Content starts

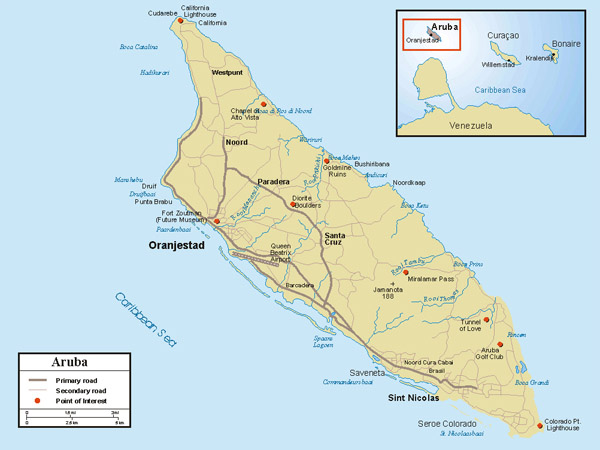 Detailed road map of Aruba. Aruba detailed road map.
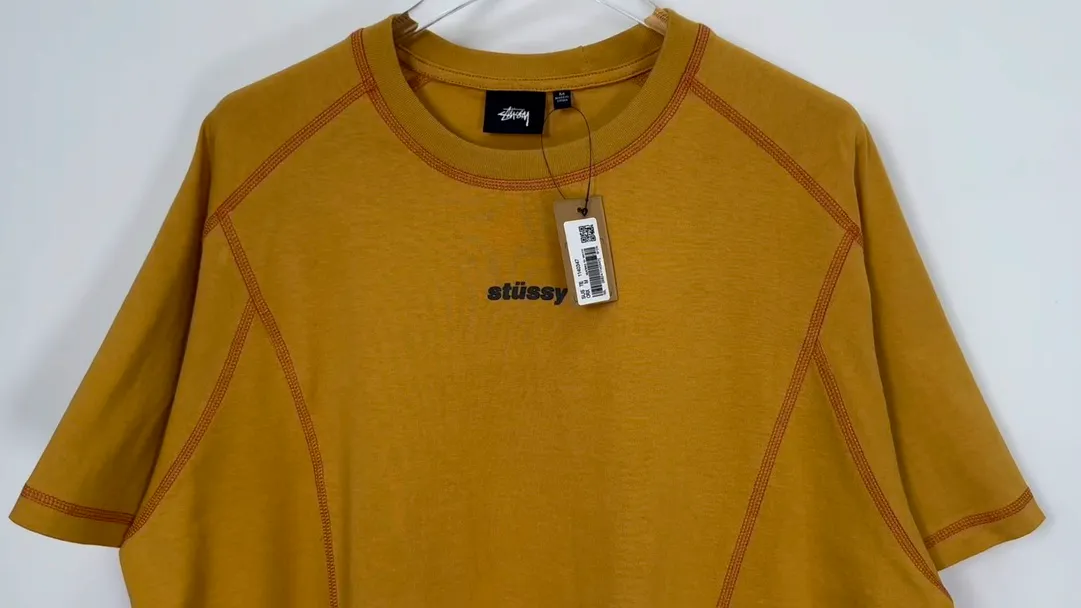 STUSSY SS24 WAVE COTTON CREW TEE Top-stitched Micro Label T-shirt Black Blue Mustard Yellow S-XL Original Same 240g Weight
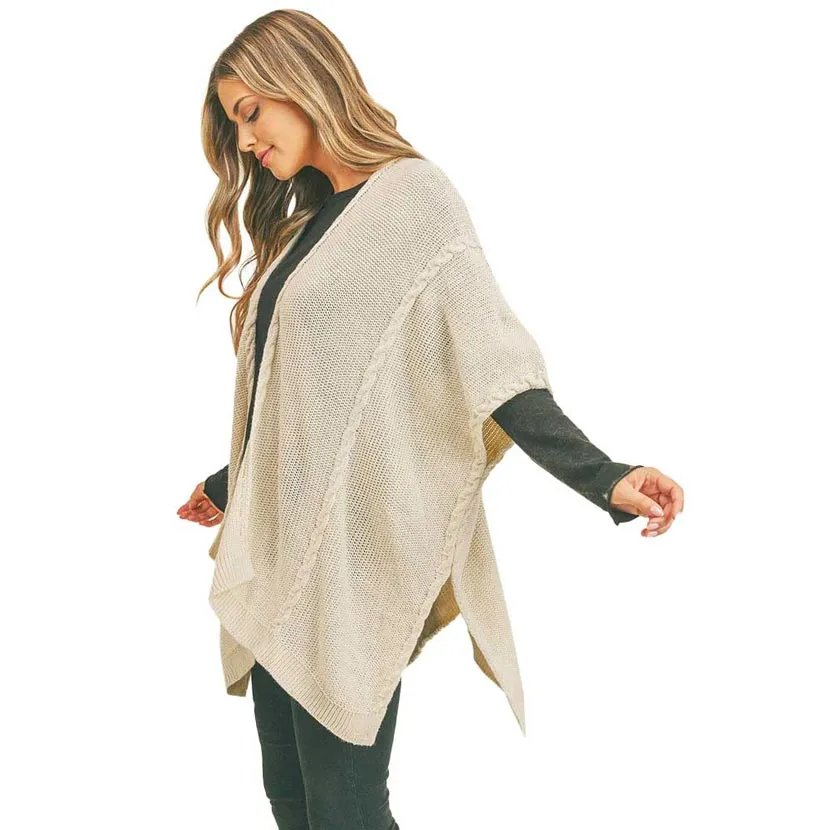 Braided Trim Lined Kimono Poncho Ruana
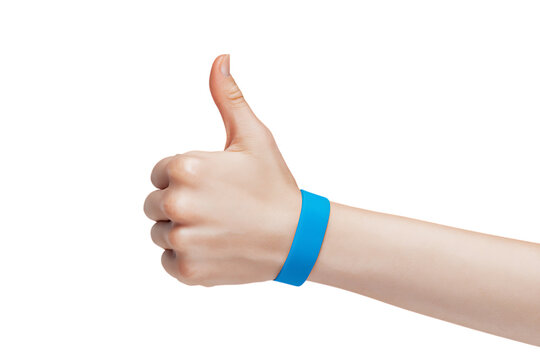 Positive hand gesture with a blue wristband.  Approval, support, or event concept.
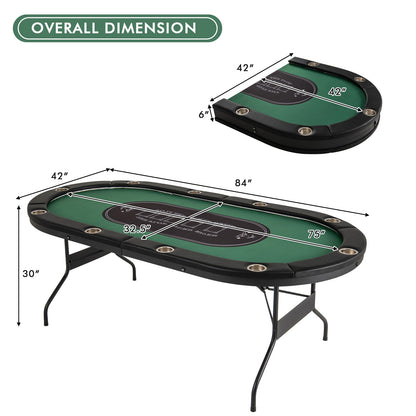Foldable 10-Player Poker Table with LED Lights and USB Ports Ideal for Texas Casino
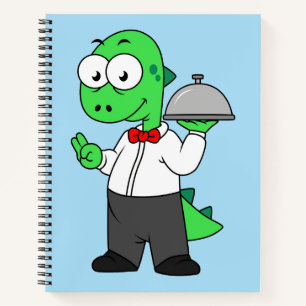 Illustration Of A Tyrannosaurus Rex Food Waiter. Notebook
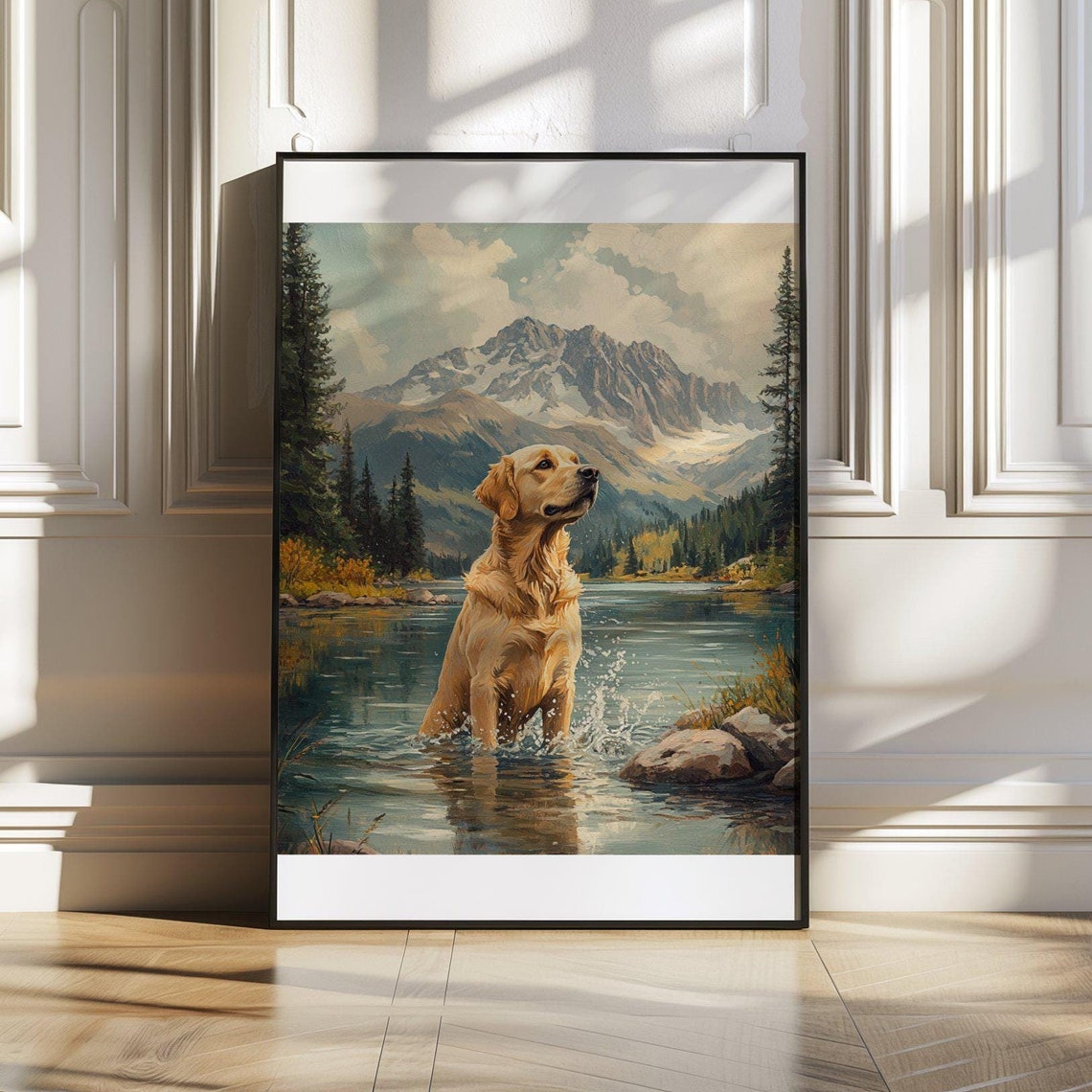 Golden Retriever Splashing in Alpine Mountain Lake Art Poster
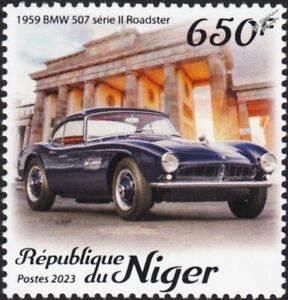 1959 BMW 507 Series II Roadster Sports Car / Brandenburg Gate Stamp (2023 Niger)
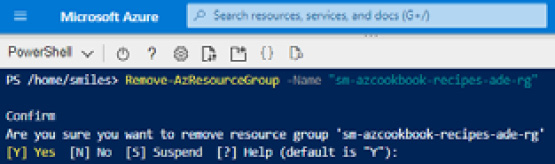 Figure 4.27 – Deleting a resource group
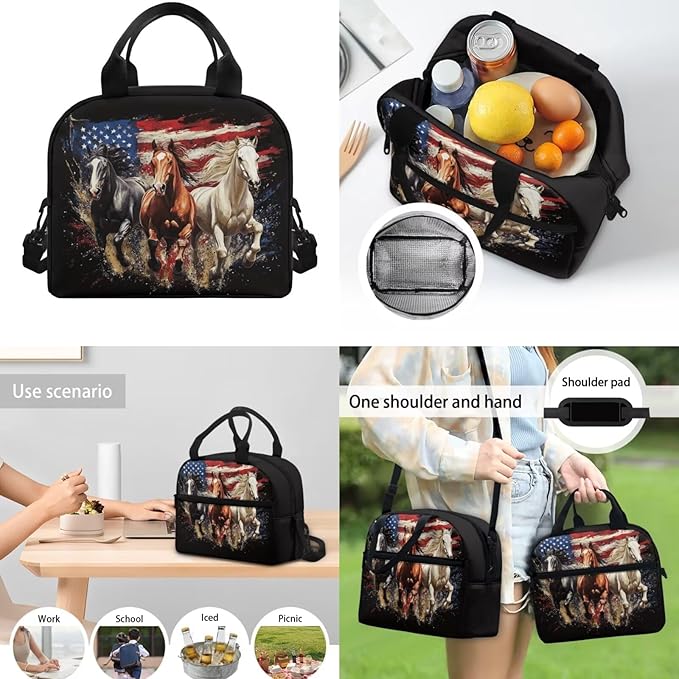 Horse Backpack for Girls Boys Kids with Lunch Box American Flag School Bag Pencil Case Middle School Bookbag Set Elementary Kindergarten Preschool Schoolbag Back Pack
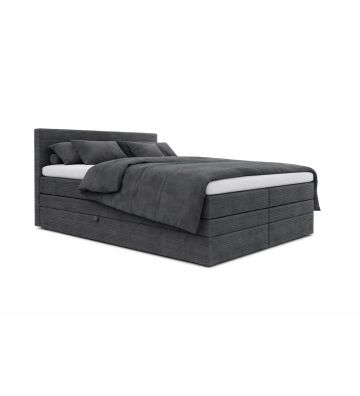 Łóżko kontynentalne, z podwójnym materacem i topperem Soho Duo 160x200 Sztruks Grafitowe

Content ends

Goal of the exercise:
Exercise for the records above: copy only the lines from the one with "Positive hand gesture" to the one with "Figure 4.27 – Deleting a resource group", both ends kept, and drop the pictures.

Your solution:
 Positive hand gesture with a blue wristband.  Approval, support, or event concept.
Foldable 10-Player Poker Table with LED Lights and USB Ports Ideal for Texas Casino
 Illustration Of A Tyrannosaurus Rex Food Waiter. Notebook
 Golden Retriever Splashing in Alpine Mountain Lake Art Poster
 1959 BMW 507 Series II Roadster Sports Car / Brandenburg Gate Stamp (2023 Niger)
 Figure 4.27 – Deleting a resource group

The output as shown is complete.